We used a delayed matching task with the chimpanzee participants (Fig. 1b). Each trial began with the presentation of a blue square (26 mm × 26 mm) at the bottom centre of the monitor. When the chimpanzee touched this square twice, a sample stimulus appeared at one of six (three columns × two rows) predetermined locations. When the chimpanzee touched the sample, it immediately disappeared, followed by the presentation of the two choice stimuli. The configuration of the stimuli was randomly changed from trial to trial. If the chimpanzee touched the choice stimulus identical to the sample, all stimuli disappeared, followed by the sound of a chime and the presentation of a food reward (a small piece of apple or raisin). If the chimpanzee touched the other stimulus, a buzzer sound was presented as error feedback. Following an error trial, a modified version of a correction procedure was used in which only the correct choice stimulus was presented (for correction only; not used in data analyses). This procedure was used to prevent inappropriate runs of error trials. The intertrial interval was 2 seconds. In contrast to the sessions with dolphins, sessions with the chimpanzees consisted of 36 trials, during which all 36 pairs appeared once. Each chimpanzee received 20 sessions; therefore, we collected data from 20 trials for each pair. As in the dolphin trials, response-time data were not used for analyses although they were recorded at the time.

Human experiments


Twenty PNPA volunteers participated as a group in the rating experiment. All participants had normal or corrected-to-normal vision. The purpose of and procedure for rating were explained orally by the experimenter and informed consent was obtained from all participants. All protocols were approved by the Human Research Ethics Committee of KUPRI.
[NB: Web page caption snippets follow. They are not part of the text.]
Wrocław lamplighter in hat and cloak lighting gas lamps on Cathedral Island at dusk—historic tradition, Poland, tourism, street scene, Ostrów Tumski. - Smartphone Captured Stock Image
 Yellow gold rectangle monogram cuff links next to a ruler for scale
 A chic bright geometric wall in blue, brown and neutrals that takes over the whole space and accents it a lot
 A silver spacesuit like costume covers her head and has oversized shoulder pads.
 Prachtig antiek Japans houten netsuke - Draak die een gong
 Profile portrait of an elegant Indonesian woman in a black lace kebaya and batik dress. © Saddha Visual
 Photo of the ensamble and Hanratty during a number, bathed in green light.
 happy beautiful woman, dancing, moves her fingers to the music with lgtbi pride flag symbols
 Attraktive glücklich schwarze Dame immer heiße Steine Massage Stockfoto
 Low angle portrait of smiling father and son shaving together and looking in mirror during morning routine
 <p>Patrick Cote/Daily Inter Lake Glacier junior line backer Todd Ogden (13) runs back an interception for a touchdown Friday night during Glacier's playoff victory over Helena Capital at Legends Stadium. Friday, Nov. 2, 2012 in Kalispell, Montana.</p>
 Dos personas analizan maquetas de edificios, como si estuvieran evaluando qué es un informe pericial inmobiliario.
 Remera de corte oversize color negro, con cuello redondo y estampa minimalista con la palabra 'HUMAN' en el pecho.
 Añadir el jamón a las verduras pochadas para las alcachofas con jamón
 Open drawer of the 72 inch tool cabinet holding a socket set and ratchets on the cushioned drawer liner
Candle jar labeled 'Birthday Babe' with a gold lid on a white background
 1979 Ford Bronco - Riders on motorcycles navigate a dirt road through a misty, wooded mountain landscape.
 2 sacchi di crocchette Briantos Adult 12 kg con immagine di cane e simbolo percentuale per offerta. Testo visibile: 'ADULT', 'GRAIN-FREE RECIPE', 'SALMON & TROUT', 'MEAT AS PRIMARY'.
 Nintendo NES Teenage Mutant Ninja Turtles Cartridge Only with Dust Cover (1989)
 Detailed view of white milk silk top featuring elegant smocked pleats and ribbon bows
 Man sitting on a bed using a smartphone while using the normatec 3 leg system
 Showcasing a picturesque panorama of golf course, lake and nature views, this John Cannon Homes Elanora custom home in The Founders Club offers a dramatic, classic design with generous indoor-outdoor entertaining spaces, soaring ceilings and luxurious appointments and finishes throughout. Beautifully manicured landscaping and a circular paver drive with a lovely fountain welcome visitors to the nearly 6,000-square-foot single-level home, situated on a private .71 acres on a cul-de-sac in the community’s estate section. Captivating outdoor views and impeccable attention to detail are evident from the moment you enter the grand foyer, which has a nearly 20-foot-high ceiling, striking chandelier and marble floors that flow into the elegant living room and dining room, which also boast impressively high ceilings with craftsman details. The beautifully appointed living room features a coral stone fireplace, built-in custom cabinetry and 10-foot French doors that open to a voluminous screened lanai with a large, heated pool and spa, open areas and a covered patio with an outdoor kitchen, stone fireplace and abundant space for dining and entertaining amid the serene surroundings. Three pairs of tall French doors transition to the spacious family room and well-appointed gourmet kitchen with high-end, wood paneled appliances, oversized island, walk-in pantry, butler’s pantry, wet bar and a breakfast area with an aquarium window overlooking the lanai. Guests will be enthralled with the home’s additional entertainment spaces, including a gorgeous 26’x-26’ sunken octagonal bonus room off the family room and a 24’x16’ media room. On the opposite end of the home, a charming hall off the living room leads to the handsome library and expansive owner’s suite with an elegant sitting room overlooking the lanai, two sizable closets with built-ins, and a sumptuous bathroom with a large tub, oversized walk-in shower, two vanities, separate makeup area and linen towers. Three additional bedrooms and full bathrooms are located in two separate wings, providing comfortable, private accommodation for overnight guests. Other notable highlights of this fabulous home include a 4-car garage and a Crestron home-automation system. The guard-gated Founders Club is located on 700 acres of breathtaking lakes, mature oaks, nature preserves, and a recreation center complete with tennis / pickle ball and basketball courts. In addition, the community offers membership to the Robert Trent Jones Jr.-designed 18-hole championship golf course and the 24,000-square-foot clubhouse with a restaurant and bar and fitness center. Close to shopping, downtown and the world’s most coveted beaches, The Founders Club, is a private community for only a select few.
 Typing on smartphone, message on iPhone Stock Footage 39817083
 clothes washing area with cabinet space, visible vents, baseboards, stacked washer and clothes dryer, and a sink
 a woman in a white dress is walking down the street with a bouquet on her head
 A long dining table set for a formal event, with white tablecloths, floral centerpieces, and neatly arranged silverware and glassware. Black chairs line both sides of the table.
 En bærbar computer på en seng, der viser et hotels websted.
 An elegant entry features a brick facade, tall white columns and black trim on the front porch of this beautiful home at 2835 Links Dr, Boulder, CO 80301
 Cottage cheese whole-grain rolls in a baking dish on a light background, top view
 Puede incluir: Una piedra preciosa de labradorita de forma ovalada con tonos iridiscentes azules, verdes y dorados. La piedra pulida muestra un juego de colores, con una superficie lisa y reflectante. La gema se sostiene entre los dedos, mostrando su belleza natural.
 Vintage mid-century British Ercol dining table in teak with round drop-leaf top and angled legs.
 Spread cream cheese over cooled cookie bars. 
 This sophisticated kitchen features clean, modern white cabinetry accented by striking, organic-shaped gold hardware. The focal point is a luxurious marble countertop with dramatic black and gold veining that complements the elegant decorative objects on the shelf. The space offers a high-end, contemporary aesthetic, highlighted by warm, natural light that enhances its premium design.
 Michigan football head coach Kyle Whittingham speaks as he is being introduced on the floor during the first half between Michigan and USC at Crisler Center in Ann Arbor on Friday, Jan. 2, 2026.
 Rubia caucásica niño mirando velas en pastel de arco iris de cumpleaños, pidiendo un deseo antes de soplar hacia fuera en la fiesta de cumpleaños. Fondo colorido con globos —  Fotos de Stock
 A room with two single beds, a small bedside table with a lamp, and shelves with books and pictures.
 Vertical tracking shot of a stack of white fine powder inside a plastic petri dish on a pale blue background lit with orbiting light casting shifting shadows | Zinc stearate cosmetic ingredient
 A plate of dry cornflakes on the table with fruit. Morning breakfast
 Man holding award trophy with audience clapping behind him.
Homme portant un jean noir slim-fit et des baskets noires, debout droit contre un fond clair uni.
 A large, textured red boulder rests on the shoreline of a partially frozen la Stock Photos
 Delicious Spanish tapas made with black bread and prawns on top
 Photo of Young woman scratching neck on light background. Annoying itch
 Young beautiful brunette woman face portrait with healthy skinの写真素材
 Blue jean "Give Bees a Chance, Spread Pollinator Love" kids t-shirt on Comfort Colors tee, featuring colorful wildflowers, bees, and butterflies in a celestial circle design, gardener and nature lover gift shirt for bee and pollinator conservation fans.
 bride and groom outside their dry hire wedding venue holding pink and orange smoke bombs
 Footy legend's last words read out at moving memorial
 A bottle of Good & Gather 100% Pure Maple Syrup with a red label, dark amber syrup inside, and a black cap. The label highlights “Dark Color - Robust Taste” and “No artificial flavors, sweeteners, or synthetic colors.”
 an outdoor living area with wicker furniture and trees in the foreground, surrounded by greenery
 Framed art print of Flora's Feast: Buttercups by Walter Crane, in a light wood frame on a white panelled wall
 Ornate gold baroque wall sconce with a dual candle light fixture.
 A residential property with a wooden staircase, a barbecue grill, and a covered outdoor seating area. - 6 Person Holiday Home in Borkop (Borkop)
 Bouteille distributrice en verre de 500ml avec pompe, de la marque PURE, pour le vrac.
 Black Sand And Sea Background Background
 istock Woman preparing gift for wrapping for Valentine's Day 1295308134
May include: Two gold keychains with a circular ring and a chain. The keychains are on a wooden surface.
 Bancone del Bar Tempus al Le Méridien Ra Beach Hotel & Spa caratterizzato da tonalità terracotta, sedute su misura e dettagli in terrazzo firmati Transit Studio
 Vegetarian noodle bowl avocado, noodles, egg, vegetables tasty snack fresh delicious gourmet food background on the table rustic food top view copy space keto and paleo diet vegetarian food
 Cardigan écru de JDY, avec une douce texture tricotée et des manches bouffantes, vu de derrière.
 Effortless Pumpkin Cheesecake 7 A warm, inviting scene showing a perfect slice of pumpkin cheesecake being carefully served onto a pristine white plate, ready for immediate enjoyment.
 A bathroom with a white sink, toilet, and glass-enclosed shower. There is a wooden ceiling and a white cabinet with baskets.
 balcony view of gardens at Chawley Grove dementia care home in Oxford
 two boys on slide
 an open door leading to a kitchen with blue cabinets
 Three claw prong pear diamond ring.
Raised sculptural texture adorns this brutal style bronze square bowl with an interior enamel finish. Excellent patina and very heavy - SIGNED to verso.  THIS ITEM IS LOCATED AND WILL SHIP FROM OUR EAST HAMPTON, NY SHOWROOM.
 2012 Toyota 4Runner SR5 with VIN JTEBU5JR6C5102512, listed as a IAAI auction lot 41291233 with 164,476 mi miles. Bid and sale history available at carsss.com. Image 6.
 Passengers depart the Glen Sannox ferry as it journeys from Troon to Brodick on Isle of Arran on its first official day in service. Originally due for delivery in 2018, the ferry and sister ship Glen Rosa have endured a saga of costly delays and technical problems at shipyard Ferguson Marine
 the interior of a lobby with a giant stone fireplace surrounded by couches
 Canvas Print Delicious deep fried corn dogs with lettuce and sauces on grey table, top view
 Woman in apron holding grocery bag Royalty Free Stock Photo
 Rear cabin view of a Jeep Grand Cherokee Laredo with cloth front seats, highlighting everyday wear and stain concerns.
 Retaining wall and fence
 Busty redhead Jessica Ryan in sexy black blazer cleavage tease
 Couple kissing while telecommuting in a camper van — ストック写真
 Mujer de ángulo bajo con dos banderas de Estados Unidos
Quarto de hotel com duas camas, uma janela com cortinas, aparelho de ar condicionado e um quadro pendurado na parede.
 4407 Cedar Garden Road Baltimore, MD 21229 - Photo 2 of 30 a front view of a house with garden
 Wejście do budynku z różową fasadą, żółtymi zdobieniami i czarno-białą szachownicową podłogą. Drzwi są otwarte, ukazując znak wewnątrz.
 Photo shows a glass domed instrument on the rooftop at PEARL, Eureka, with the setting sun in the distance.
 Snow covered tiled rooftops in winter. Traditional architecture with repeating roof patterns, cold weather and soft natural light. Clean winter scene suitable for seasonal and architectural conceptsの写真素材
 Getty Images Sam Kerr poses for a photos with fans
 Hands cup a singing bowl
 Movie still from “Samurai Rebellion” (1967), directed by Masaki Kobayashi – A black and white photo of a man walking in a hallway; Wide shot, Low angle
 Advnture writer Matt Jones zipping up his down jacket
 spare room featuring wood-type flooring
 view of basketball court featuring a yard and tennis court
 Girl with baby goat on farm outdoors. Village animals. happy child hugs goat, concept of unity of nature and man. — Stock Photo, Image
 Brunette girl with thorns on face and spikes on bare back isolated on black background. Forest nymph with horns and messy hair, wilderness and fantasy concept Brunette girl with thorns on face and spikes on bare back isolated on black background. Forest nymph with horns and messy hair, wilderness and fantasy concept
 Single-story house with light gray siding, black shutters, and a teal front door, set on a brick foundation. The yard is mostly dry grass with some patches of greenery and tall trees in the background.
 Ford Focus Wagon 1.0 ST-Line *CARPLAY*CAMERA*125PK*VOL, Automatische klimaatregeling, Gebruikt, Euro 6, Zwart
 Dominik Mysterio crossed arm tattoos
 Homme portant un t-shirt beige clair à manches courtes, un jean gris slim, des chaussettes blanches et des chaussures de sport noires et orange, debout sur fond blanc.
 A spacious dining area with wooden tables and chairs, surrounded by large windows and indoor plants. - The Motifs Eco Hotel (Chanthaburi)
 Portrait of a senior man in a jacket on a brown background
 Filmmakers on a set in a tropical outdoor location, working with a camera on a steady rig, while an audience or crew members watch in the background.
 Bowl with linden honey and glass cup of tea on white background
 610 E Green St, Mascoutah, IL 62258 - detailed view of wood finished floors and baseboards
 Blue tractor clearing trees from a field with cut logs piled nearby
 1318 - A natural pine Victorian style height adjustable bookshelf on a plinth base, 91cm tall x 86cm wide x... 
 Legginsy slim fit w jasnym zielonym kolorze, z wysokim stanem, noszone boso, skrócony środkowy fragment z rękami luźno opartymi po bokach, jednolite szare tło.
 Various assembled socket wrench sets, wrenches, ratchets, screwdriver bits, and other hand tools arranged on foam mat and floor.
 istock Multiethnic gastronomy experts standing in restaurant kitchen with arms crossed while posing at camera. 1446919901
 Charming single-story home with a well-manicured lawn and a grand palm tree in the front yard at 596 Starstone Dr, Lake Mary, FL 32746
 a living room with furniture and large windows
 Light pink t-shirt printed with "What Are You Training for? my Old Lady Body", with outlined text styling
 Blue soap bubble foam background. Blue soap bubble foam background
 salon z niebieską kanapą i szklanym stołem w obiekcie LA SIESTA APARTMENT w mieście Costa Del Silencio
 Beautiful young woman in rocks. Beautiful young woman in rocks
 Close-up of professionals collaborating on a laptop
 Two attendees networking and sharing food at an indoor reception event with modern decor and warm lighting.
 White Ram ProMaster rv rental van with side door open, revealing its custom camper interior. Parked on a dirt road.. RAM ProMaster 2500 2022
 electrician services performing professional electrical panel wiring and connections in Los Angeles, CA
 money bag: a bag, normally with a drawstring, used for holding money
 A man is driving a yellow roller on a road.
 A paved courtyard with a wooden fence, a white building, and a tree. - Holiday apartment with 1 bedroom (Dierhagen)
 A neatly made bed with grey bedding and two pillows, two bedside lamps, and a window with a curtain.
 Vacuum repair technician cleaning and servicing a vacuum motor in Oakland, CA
We used visual analog scaling (VAS) in the experiment with humans22. Participants sat in a visitor room and received a sheet on which pictures of the 36 stimuli pairs were printed. Each stimulus was 7 mm × 7 mm (approximately 3 deg of visual angle). Participants were instructed to judge the similarity of the stimulus pair and make a mark on an adjacent horizontal line. The rating for “most dissimilar” was placed on the left end of the line and the mark for “most similar” was placed on the right end of the line. The sheets were scanned and converted to digital image files. Using customised application software, dissimilarity was calculated based on the spatial location of the check mark.

Data analysis

Dissimilarity index

For dolphins and chimpanzees, the dissimilarity index for each pair was defined as the absolute value of the percent of correct choices subtracted by 50% (chance level). This index ranged from 0 (most similar) to 50 (most dissimilar). For humans, the relative distance of the mark from the right was used as the dissimilarity index, which also ranged from 0 to 1.

Inter-observer variability

To evaluate similarities in the performances of participants, we calculated the ICC using random-effects models (i.e., ICC(2, n); n designates the number of participants). These values were calculated using SPSS 19.0 J and statistically tested with a null hypothesis of ICC = 0. Furthermore, using dissimilarity data averaged across participants, we also calculated the ICC (using a mixed effects model) for evaluating inter-species variability.

Multidimensional scaling analysis

To understand the spatial configuration of perceptual similarities among stimuli, we conducted multidimensional scaling analyses for each species using INDSCAL. This method yielded spatial representations for the stimuli as well as weights for each dimension of this representation for each observer. We adopted a two-dimensional solution for the present analyses using SPSS 19.0J. Obtained representations ranged from −2.0 to 2.0 for each dimension. To evaluate goodness of fit, we presented stress values and coefficients of determination (RSQ).

Relative contribution of features

To evaluate the relative contribution of each individual feature to the perceptual grouping, we calculated the mean percent of correct choices for pairs in which both stimuli had the same individual features. These values were standardised using means and standard deviations (referred to as standardised dissimilarity); they were then analysed with a two-way (species × features) repeated-measures ANOVA.